--- MATERIALS PROVIDED Enclosed Below ---

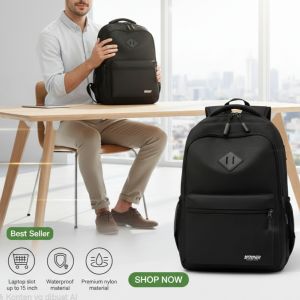 Tas Ransel Sekolah Laptop Waterproof 091 Smp Sma Kuliah Cowok Cewek Polo Winner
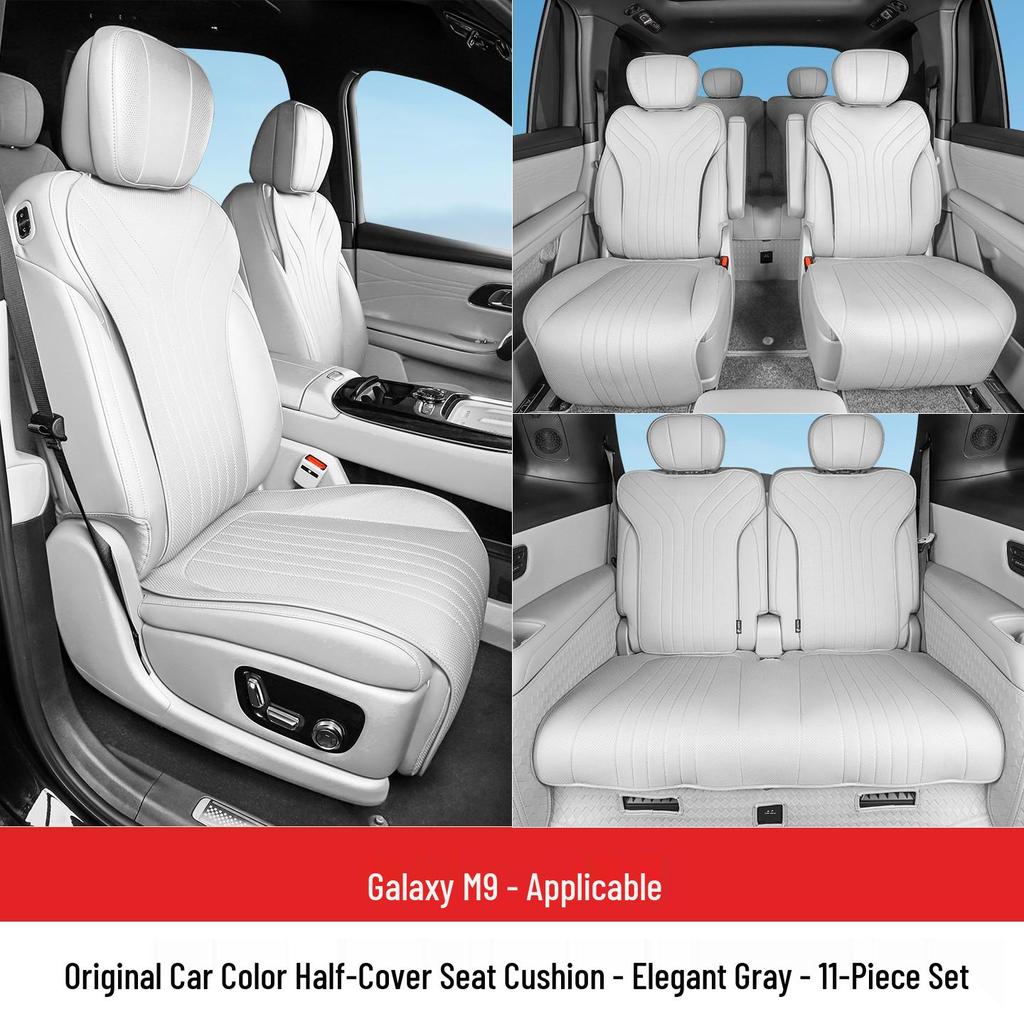 Galaxy M9 Perforated Breathable Semi-Enclosed Seat Cover for All Seasons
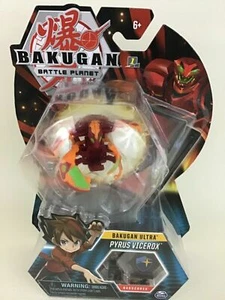 Bakugan Battle Planet Bakugan Ultra Pyrus Vicerox Bakucores Spin Master Sellado  - Imagen 1 de 4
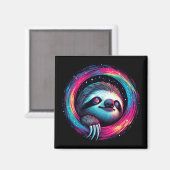 Kosmic Sloth Galaxy Art Magnet (Vorderseite/Rückseite)
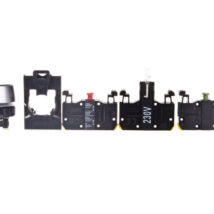 Przycisk sterowniczy 22mm zielony 1Z 1R z samopowrotem z podświetleniem ST22-KLZ-11-230-BA9S.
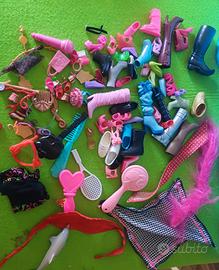 Lotto misto accessori Bambole Barbie e altre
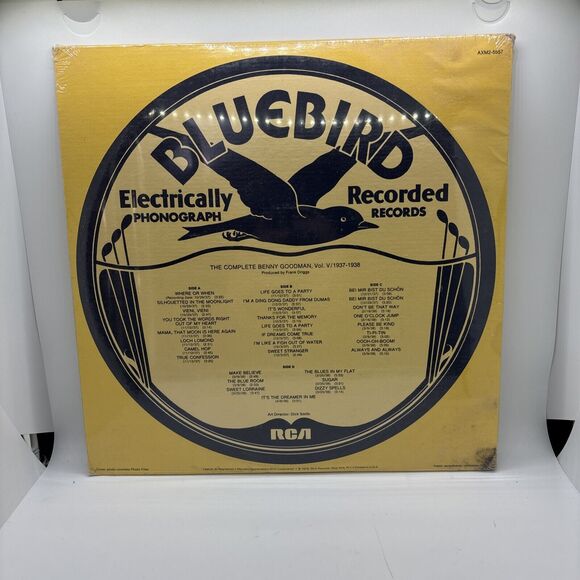 The Complete Benny Goodman Volume V 1937-1938 Bluebird 2 LP AXM2-5557 Shrink - Picture 6 of 12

--- End of Enclosed MATERIALS PROVIDED ---

PROMPT — Starting at the line above that contains "Bakugan Battle Planet", transcribe every line exactly through the line that contains "Lotto misto accessori Bambole Barbie e altre", including that last one, and skip the pictures.

REPLY TO THE EXERCISE —
 Bakugan Battle Planet Bakugan Ultra Pyrus Vicerox Bakucores Spin Master Sellado  - Imagen 1 de 4
 Kosmic Sloth Galaxy Art Magnet (Vorderseite/Rückseite)
 Przycisk sterowniczy 22mm zielony 1Z 1R z samopowrotem z podświetleniem ST22-KLZ-11-230-BA9S.
 Lotto misto accessori Bambole Barbie e altre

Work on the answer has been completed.